Merritt Personal Lines Manual: Regulation of Health Insurance

There are a number of Federal regulations that affect health insurance coverage. The most important are detailed here.

The Health Insurance Portability and Accountability Act was passed in 1996. It offers some of the most radical changes in health insurance coverage. It applies to everyone in the health coverage process and some of the important provisions are described below in terms of who is affected:

Insurers: Once an insurer sells a policy to any individual or group, it must renew coverage regardless of the health status of any member of a group. Revises the notices requirement for health insurance policies that pay benefits without regard to Medicare coverage or other insurance coverage. Long-term care policies are permitted to coordinate with Medicare and other coverage and must disclose any duplication of benefits.

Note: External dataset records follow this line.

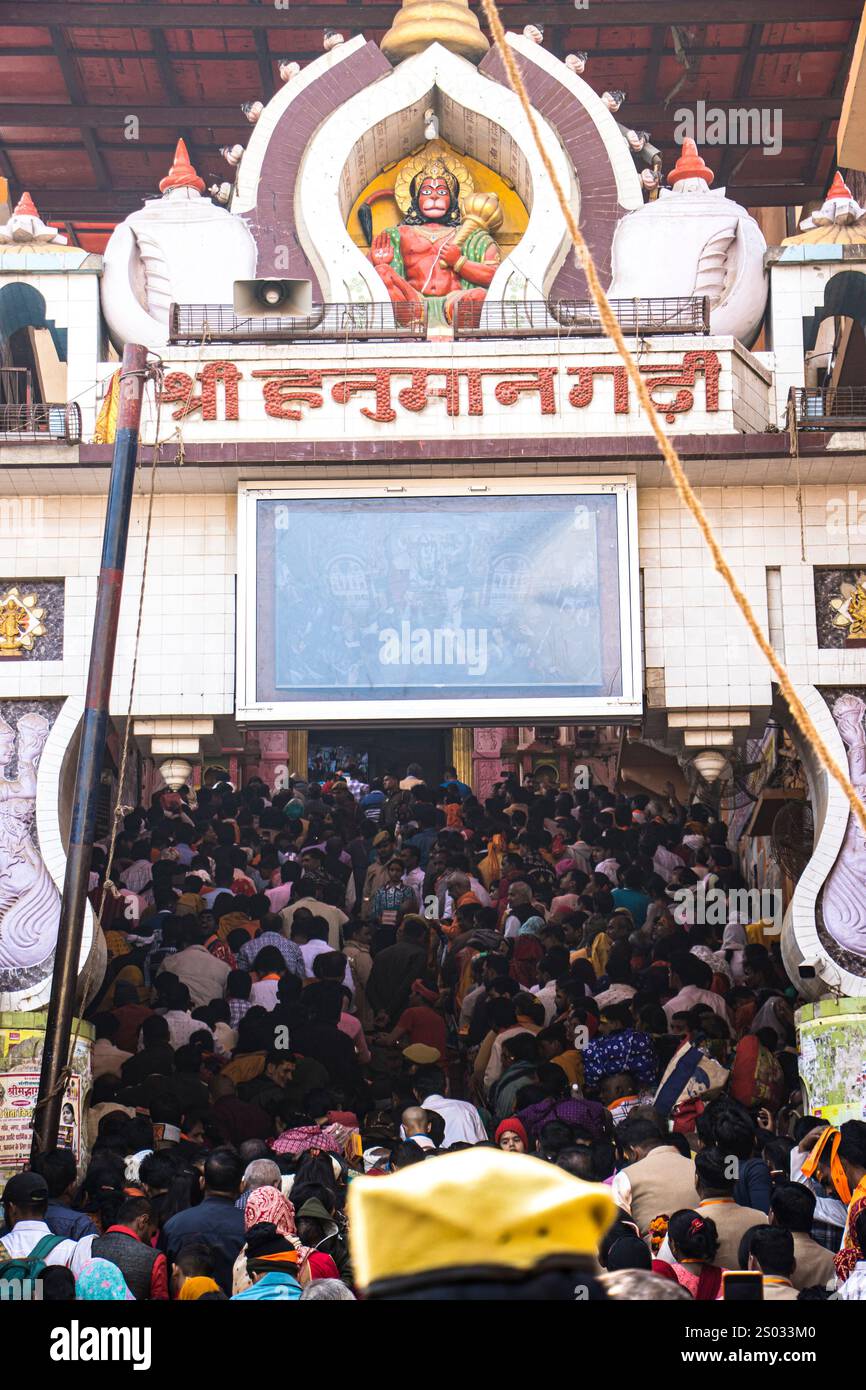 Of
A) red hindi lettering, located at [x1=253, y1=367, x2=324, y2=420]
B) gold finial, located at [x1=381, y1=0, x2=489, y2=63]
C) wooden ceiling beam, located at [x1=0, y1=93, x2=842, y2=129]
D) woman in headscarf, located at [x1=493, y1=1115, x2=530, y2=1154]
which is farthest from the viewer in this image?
wooden ceiling beam, located at [x1=0, y1=93, x2=842, y2=129]

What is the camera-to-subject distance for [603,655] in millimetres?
15219

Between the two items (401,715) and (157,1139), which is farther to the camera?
(401,715)

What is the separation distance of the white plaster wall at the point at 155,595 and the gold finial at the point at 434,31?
4.50 metres

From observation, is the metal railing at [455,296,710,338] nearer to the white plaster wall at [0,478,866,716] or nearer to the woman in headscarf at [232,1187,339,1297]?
the white plaster wall at [0,478,866,716]

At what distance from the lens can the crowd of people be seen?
8.40 m

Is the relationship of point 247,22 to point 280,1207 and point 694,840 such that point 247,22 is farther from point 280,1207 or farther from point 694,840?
point 280,1207

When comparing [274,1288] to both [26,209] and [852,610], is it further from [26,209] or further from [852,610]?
[26,209]

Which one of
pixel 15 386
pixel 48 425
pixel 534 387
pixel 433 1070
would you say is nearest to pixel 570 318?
pixel 534 387

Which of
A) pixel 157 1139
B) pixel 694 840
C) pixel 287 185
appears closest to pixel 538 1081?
pixel 157 1139

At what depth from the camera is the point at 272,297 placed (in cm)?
1562

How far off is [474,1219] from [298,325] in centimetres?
1276

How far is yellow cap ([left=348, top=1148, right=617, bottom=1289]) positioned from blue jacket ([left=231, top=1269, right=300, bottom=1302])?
471 cm

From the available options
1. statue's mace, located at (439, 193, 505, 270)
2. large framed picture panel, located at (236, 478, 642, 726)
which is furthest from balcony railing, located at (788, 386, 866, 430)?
statue's mace, located at (439, 193, 505, 270)

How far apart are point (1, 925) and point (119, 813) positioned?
1970 millimetres
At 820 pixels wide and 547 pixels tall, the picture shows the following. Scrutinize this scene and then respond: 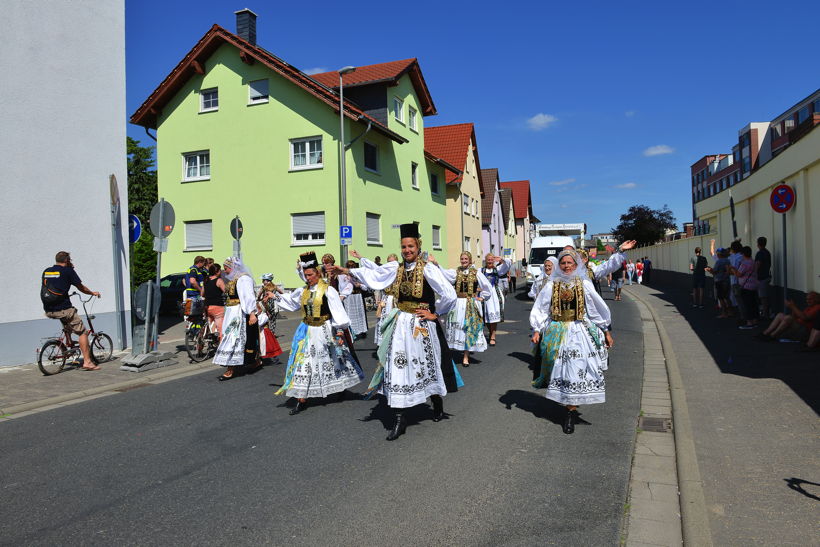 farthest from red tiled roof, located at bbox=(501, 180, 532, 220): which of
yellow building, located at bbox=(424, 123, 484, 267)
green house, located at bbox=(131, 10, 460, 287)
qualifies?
green house, located at bbox=(131, 10, 460, 287)

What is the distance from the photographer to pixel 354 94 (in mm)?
27734

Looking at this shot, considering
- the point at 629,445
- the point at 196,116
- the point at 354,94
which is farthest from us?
the point at 354,94

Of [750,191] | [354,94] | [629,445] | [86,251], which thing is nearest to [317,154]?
[354,94]

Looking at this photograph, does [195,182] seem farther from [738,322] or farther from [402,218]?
[738,322]

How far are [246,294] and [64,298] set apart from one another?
11.9 feet

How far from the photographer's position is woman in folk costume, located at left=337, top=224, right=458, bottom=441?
607 centimetres

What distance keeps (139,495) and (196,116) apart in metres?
24.0

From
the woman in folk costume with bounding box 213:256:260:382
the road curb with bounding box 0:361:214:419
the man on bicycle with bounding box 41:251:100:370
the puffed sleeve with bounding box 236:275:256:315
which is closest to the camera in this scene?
the road curb with bounding box 0:361:214:419

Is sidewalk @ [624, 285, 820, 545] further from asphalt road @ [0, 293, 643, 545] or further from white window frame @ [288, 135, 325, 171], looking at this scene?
white window frame @ [288, 135, 325, 171]

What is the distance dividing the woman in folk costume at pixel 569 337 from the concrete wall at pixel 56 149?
8.91 meters

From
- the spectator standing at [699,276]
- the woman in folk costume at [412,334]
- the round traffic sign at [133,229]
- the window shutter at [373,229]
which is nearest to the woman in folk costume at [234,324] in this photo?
the woman in folk costume at [412,334]

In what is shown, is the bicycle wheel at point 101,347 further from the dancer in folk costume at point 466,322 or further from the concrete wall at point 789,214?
the concrete wall at point 789,214

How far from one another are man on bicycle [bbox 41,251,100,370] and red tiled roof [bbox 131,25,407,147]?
14002 millimetres

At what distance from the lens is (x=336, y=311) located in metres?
7.12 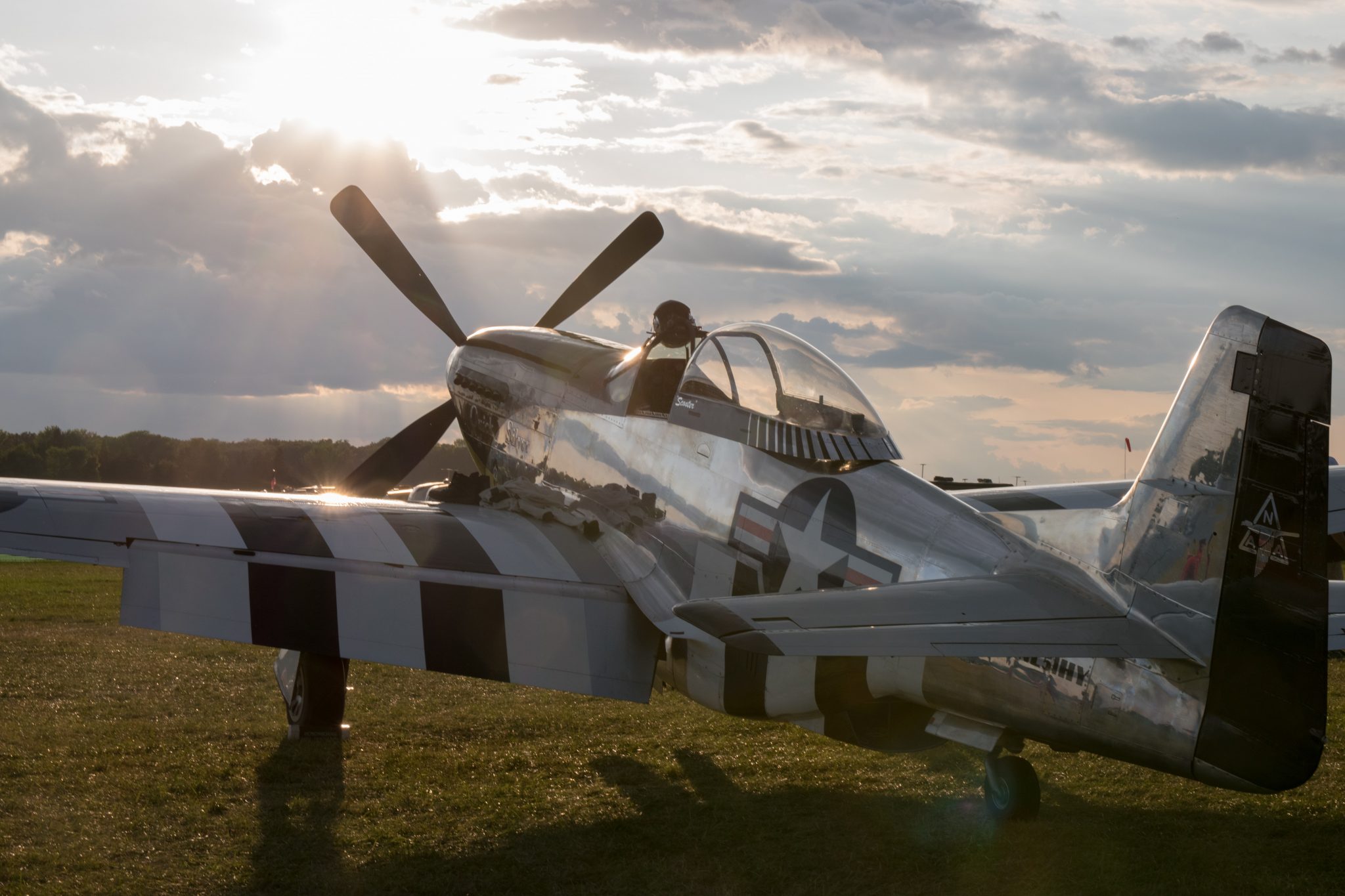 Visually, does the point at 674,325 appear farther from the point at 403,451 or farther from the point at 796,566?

Minimum federal consumer protection and marketing requirements are established for tax-qualified long-term care insurance policies, including a requirement that insurers start benefit payments when a policyholder cannot perform at least two "activities of daily living" (i.e., bathing, eating, toileting, transferring, dressing and incontinence). Subject to certain limitations, clarifies that long-term care insurance premium payments and unreimbursed long-term care services costs are tax deductible as a medical expense and benefits received under a long-term care insurance contract are excludable from taxable income. Employer sponsored long-term care insurance is to receive the same tax treatment as health insurance.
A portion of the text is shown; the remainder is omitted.